REQUIRED ACTION — Leave the pictures out and restate every line below exactly.

DATASET CONTENT —
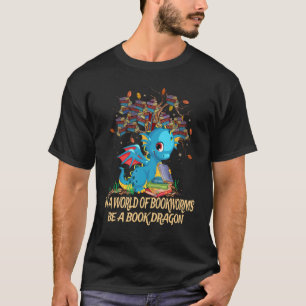In een wereld van boekwormen zijn boeken geschreve t-shirt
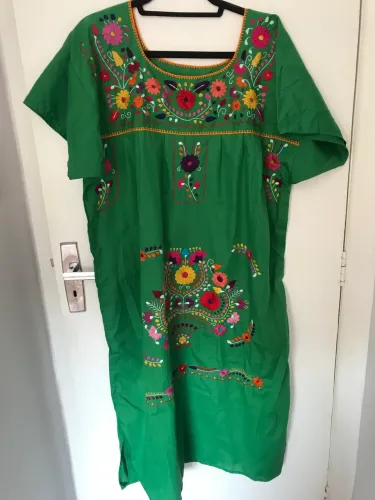 Vestido mexicano bordado GG
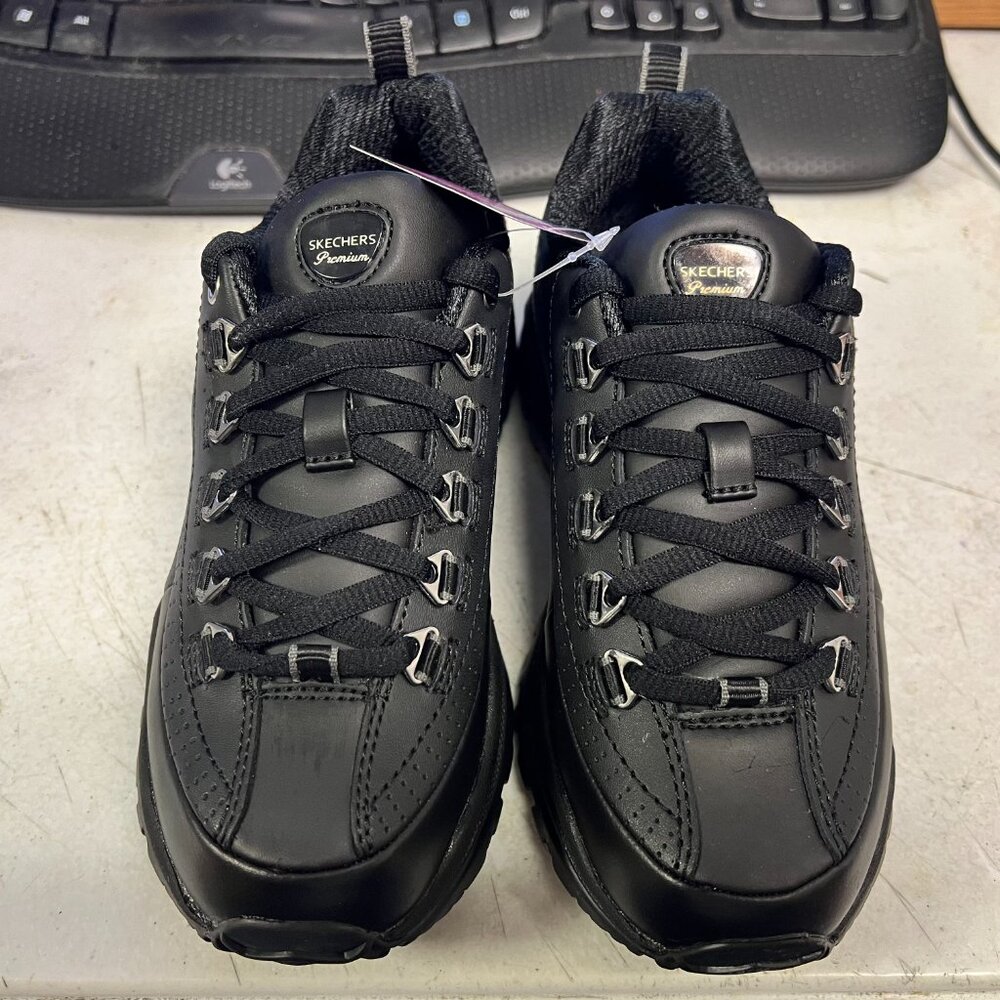 Skechers Sport Womens Premium Fashion Sneakers Black Size 5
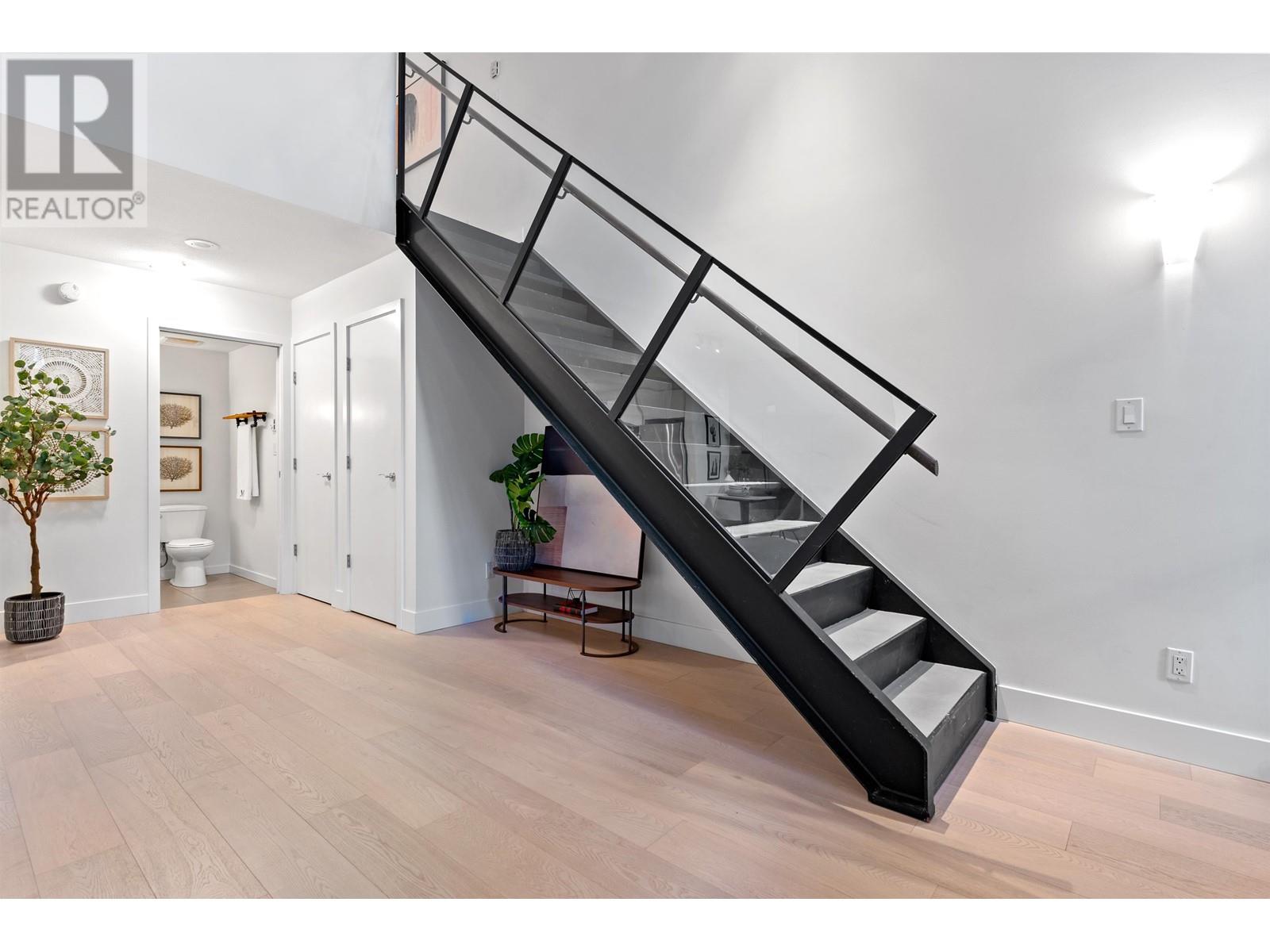 986 Richards Street, Vancouver, British Columbia  V6B 3C1 - Photo 15 - R2829104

YOUR SOLUTION —
In een wereld van boekwormen zijn boeken geschreve t-shirt
 Vestido mexicano bordado GG
 Skechers Sport Womens Premium Fashion Sneakers Black Size 5
 986 Richards Street, Vancouver, British Columbia  V6B 3C1 - Photo 15 - R2829104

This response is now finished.